In this biking paradise, where they are some 20 vineyards close to the Saint-Armand-based farm, close to Bedford, success is practically guaranteed. The goal is to process all of the 240,000 litres produced annually within 5 years and maybe send a few shipments outside Quebec. "For me, it's another way to feel fulfilled," says Pelletier.
Creativity that pays off
The couple, who are originally from Brome-Missisquoi (Pelletier) and Kamouraska (Bard)--hence the name Missiska--has no choice but to diversify their revenue stream. Because the cow barn can hold no more than 30 animals, and their 100 acres are just enough to produce food for the cattle, they had to use their genetics expertise to make up to 20% of their revenue from the sale of animals and embryos. A bull, MISSISKA MACKENZIE, went for US$60,000! These two know a lot about cows: while Bard worked as an inseminator, Pelletier worked in genetic improvement for the Centre d'insémination artificielle du Québec (2005 to 2009).

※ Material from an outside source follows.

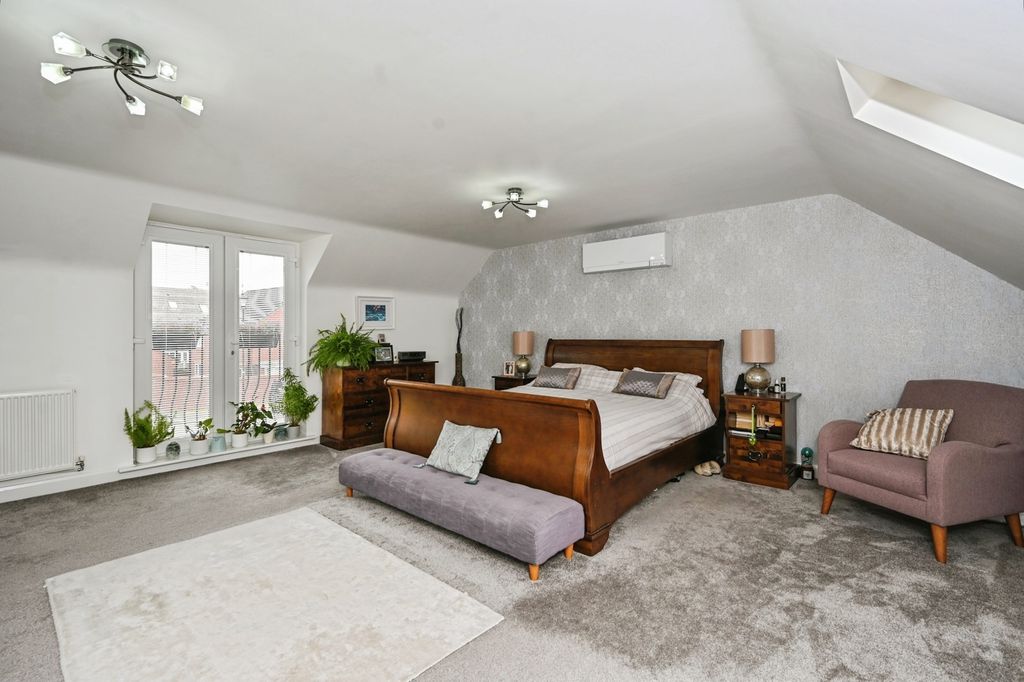 Property photo 3 of 39 Pbox-Img.Jpg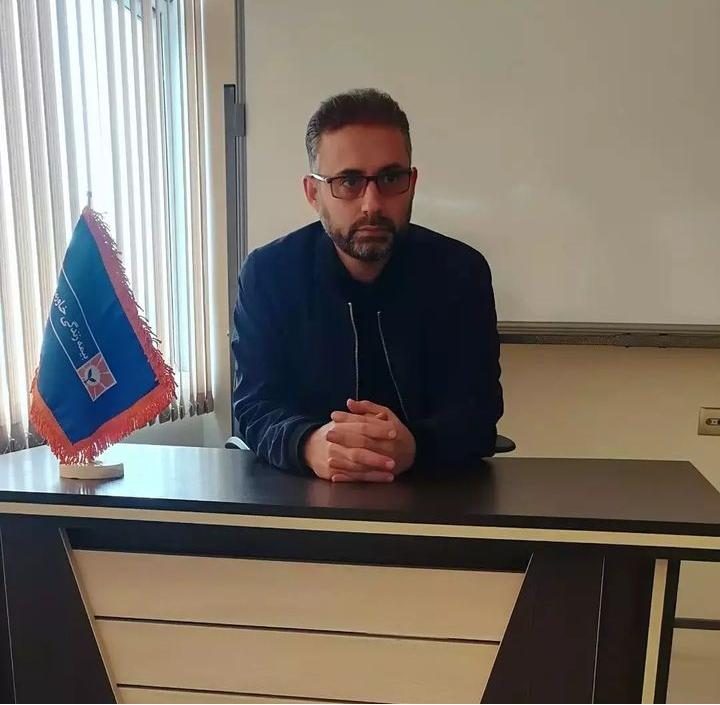 عکس بیمه خاورمیانه نمایندگی کردی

Agri-tourists will have to wait until the holidays to get a taste of Fromagerie Missiska's products, including a chaource cheese (from France's Aube and Yonne departments), a variety not yet available in Quebec. Chaource is a lactic-curd, whole-milk cheese that's cylindrical in shape, with a mould rind. It's ladle-moulded and left to slowly drain, resulting in a creamy texture, smooth finish and chalky centre that will surprise many. Not Pelletier, though: she already eats it three times a day.
Hindsight is 20/20!
"If I'd known, I would have gotten help from experts sooner," says Pelletier, who's no longer shy about calling on solid organizations like the Centre d'expertise fromagère du Québec or professionals whose fees are partially reimbursed by assistance programs (Réseau Agriconseils).